Half an hour later—and after constant badgering from my brother to hurry up—we were in the car and heading to the party. It was an off-campus party down the road from my brother's college. There was already a line of cars parked up and down the block by the time we got there, and people were mingling on the porch and in the front yard. Music was playing loud enough that I could hear it from down the street.

“Is this a frat house?” I asked, leaning out the window to look at the little suburban home. It didn't look like much. Peeling green paint, overgrown shrubs, and a broken window covered with a garbage bag and some duct tape.

“No,” Mark said. “The frat parties around here don't have beer. They're afraid of losing their charter if they get caught serving alcohol to minors.”

“But your friends don't care about that?”

He shrugged, parking the car down the road in the first spot he could find. “I don't really know the guys that live here. They're Cameron's friends. They all rent the place together.”

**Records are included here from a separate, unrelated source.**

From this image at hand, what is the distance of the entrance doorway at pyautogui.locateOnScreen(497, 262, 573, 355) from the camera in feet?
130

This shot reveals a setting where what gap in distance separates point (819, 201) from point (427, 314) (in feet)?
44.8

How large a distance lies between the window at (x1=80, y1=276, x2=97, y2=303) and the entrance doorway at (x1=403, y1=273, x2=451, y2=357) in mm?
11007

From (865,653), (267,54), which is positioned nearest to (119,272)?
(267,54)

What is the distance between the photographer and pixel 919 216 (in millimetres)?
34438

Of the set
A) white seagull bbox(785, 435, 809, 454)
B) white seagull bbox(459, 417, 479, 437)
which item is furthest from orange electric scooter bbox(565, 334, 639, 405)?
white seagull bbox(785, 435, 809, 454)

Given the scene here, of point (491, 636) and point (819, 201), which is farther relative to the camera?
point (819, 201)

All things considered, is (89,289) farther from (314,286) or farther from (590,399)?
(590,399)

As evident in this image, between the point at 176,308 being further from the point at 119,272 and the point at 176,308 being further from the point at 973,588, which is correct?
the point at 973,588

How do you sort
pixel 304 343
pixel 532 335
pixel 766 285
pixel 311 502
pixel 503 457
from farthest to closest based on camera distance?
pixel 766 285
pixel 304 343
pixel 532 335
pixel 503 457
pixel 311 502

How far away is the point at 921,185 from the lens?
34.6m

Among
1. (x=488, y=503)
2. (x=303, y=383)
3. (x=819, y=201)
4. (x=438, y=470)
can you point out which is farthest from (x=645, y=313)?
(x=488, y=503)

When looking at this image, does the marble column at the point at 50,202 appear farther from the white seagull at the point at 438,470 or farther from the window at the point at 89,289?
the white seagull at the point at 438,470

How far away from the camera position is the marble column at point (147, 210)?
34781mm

I followed my brother up to the house. The music coming from inside the house got louder as we approached, loud enough to disturb the neighbors. But it was a college town; all of the neighbors would be other college kids, renting off-campus housing so they could save money compared to living in the dorms. Either that, or wanting to live someplace with more freedom and less responsibility than the on-campus housing. I wouldn't be starting college until the next year, but I had some college-age friends, and they'd told me stories about strict Resident Assistants who cracked down on any noise complaints, underage drinking, or other rowdiness in the dorms.

“All right, have fun,” Mark said, giving me a quick wave before heading off in another direction, probably eager to be away from his little sister so he could party without worry.

“Wait,” I said, holding a hand out towards him. “When are we meeting up to go home?”

He shrugged. “Text me when you're done having fun. And don't drink too much.”

Then he was gone, disappearing into the crowd.

I was a bit surprised that he was letting me go off without a leash. My brother had always been over-protective of me. He constantly kept his friends away from me, and seemed ready to pounce on any guy that so much as looked at me the wrong way. I'd half-expected him to hang around and watch over my shoulder the whole night, to make sure I didn't get into any trouble. Either he was too embarrassed at the idea of being here with his little sister, or he was still mad at me for stealing his keys and coercing him into bringing me along.